Deveraux linked her hands on the table and bowed her head over them. She was doing something I had never seen a person do before. Not literally. She was hanging her head. She breathed in, breathed out, and five seconds later she looked up again and said, “I’m an idiot. I suppose I must have known all that, but I didn’t remember it. I just didn’t see it.”

“Don’t feel bad,” I said. “You never saw it happen, so you don’t have anything to remember.”

“No, it’s basic,” she said. “I’m an idiot. I’ve wasted days.”

“It gets worse,” I said. “There’s more.”

She didn’t want to hear about how it got worse. She didn’t want more. Not immediately. Not right then. She was still beating herself up for missing the thing with the blood. I had seen that kind of reaction many times. I had had that kind of reaction many times. Smart, conscientious people hate making mistakes. Not just because of ego. Because mistakes of a certain type have the kind of consequences that people with consciences don’t like to live with.

She frowned and ground her teeth and growled at herself for a minute, and then she shook her head and stopped and came up with a brave smile, tighter and grimmer than her normal sunny radiance. She said, “OK, tell me more. Tell me how it gets worse. But not in here. I have to eat here three times a day. I don’t want the associations.”

So we paid for our breakfasts and stepped out to the sidewalk. We stood there for a long moment, near her car, saying nothing. I could tell by her body language she wasn’t going to invite me to her office. She didn’t want me near the Sheriff’s Department. This wasn’t a democracy. In the end she said, “Let’s go back to the hotel. We can use the lounge. We’re guaranteed privacy there, after all. Since we’re the only two guests.”

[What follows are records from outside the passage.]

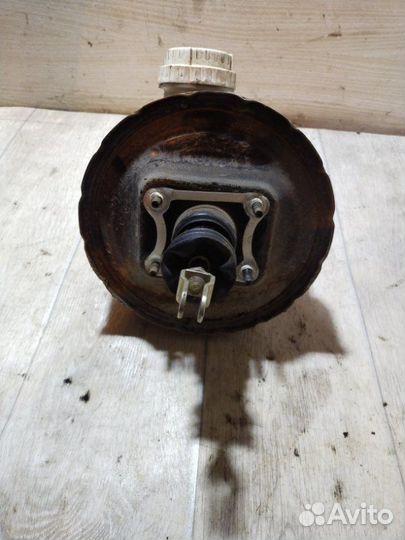 Вакуумный усилитель тормозов Mitsubishi Carisma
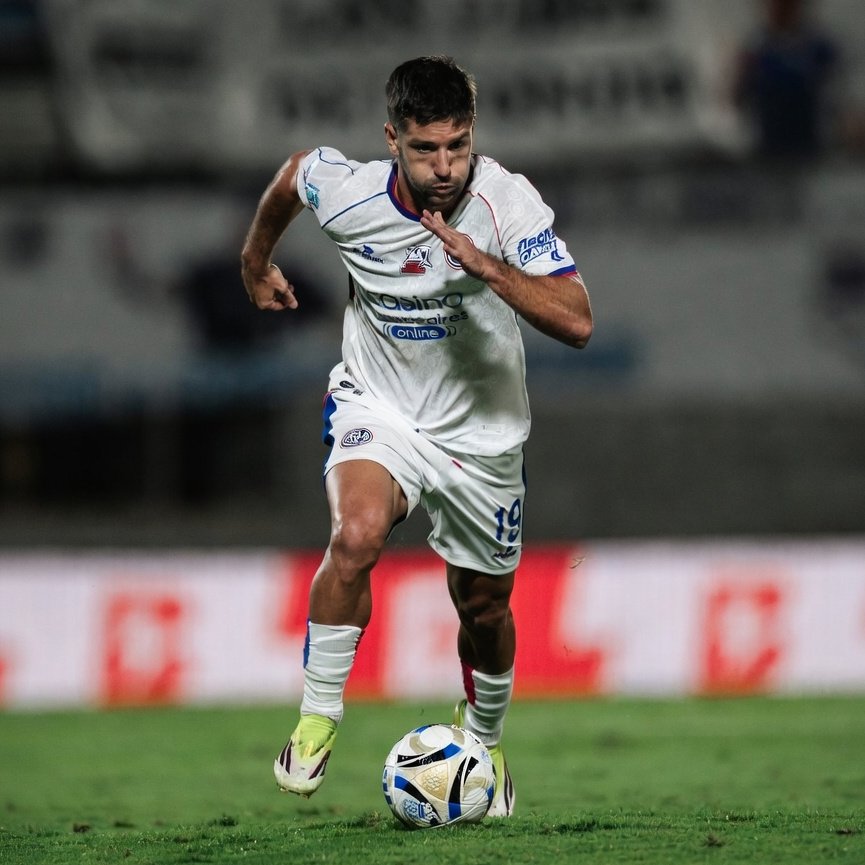 LigaAFA's tweet image. ¡Empate en el Guillermo Laza!

@prensariestra y @SanLorenzo igualaron 1 a 1 con goles de Alonso y Cuello en el cierre de la #Fecha12 del #TorneoMercadoLibre 2026 🏆

👉🏻 @ML_Argentina 
📷 San Lorenzo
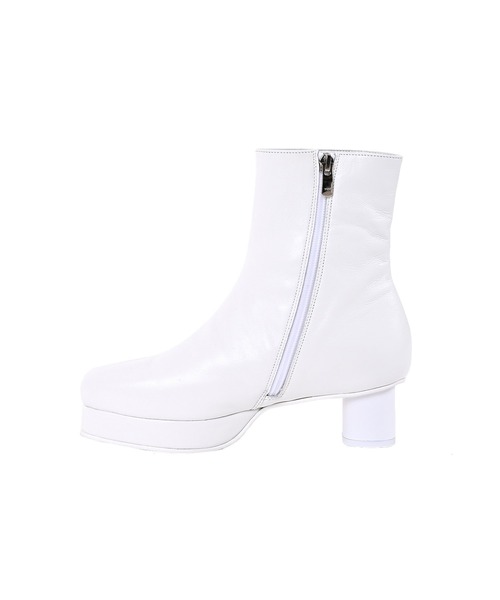 Narcissus(ナルシス)の「【OZKAN】スクエアショートブーツ(ブーツ・レディース・ホワイト/ブラック・38/35/36/37)」の4枚目の写真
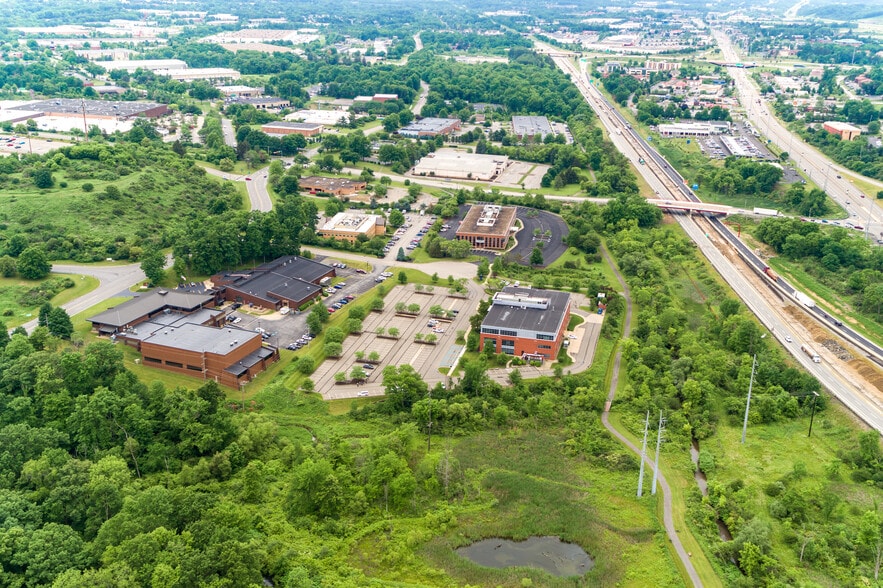 300 Allegheny Dr, Warrendale, PA for lease - Building Photo - Image 2 of 10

We walked back down the street, and up the shaky steps, and across the old veranda. We went in and used the door on the left of the lobby. I smelled the same damp and dust and mildew as the night before. In the daylight the humped shapes I had seen in the dark turned out to be armchairs, as I had thought. There were twelve of them, grouped in various combinations, twos and fours. We took a matched pair, either side of a cold fireplace.

I asked her, “Why do you live here?”

“Good question,” she said. “I thought it would be a month or two. But it extended.”

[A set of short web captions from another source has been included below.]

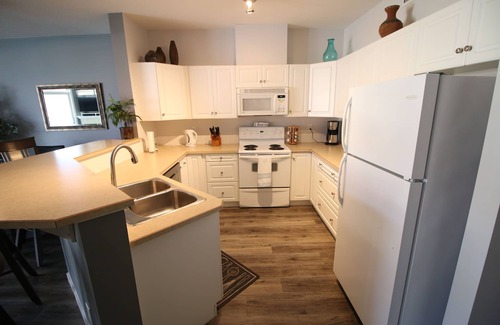 North End Condo | Pool & Mountain Views with mid morning to late afternoon sunshine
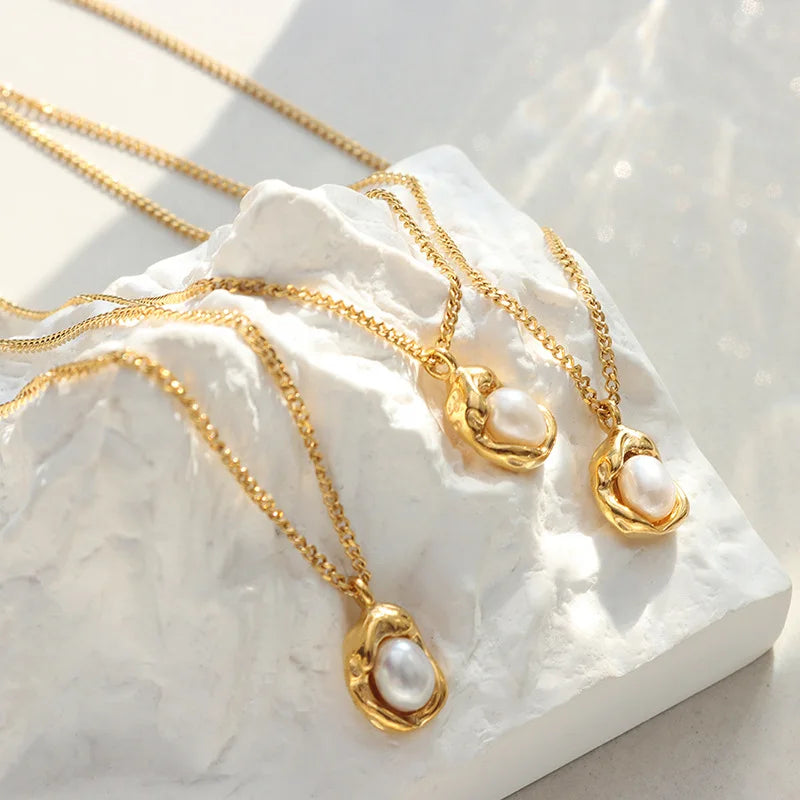 Luxury Pearl Pendant Necklace Stainless Steel Cuban Chain Women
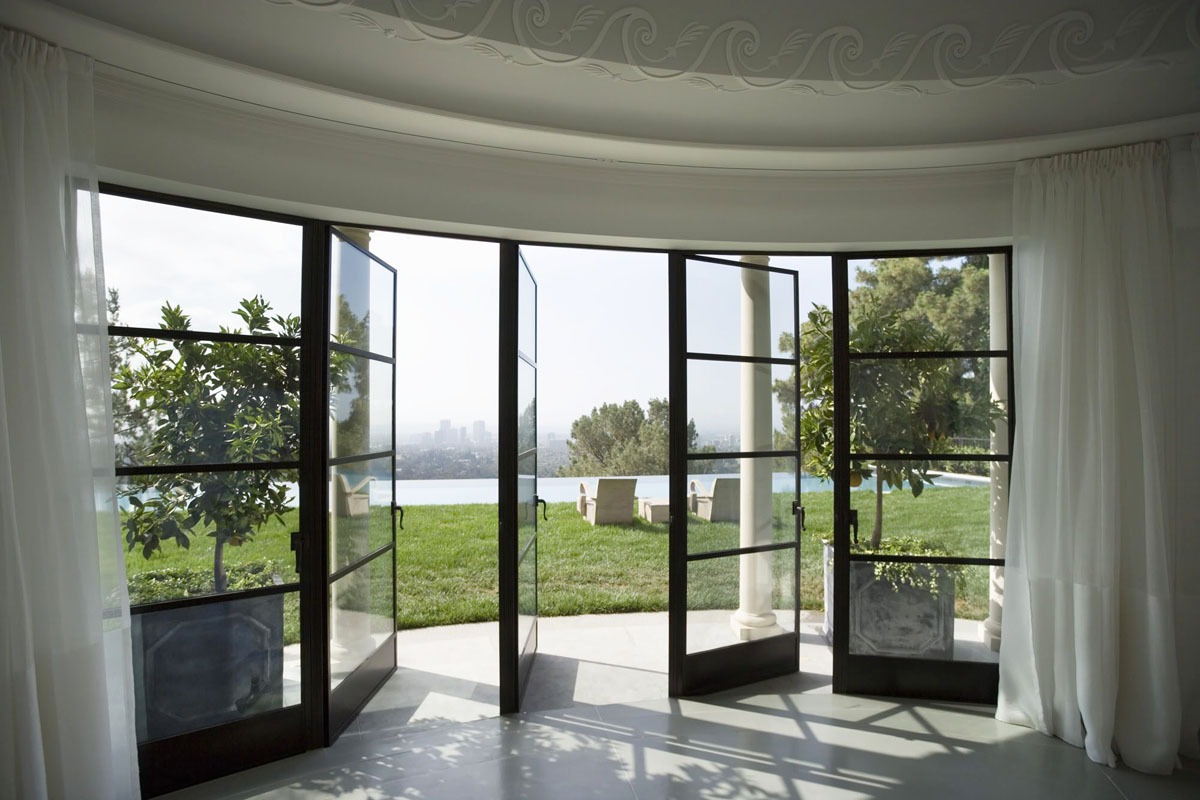 Elegant Regency Style Contemporary House - Los Angeles, California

“What about your old man’s house?”

“Rented,” she said. “The lease died with him.”

“You could rent another one. Or buy one. Isn’t that what people do?”

She nodded. “I looked at some. Couldn’t pull the trigger. Have you seen the houses around here?”

I said, “Some of them look OK.”

“Not to me,” she said. “I wasn’t ready, anyway. I hadn’t decided how long I was going to stay. Still haven’t, really. No doubt it will turn out to be the rest of my life, but I guess I don’t want to admit that to myself. I’d rather let it creep up on me day by day, I suppose.”

I thought about my pal Stan Lowrey, and his want ads. There was a lot more to leaving the service than getting a job. There were houses, and cars, and clothes. There were a hundred strange, unknown details, like the customs of a remote foreign tribe, glimpsed only in passing, and never fully understood.

Deveraux said, “So let’s hear it.”

I said, “Her throat was cut, right? We’re clear on that?”

“Definitely. Unmistakably.”

“And that was the only wound?”

“The doctor says so.”

“So somewhere there’s blood all over the place. Wherever it was actually done. In a room, maybe, or out in the woods. It’s impossible to clean up properly. Literally impossible. So there’s evidence out there, just waiting for you.”

“I can’t search the base. They won’t let me. It’s a jurisdiction thing.”

“You don’t know for sure it happened on the base.”

“She was raped on the base.”

“It’s not impossible she was raped on the base. That’s not quite the same thing.”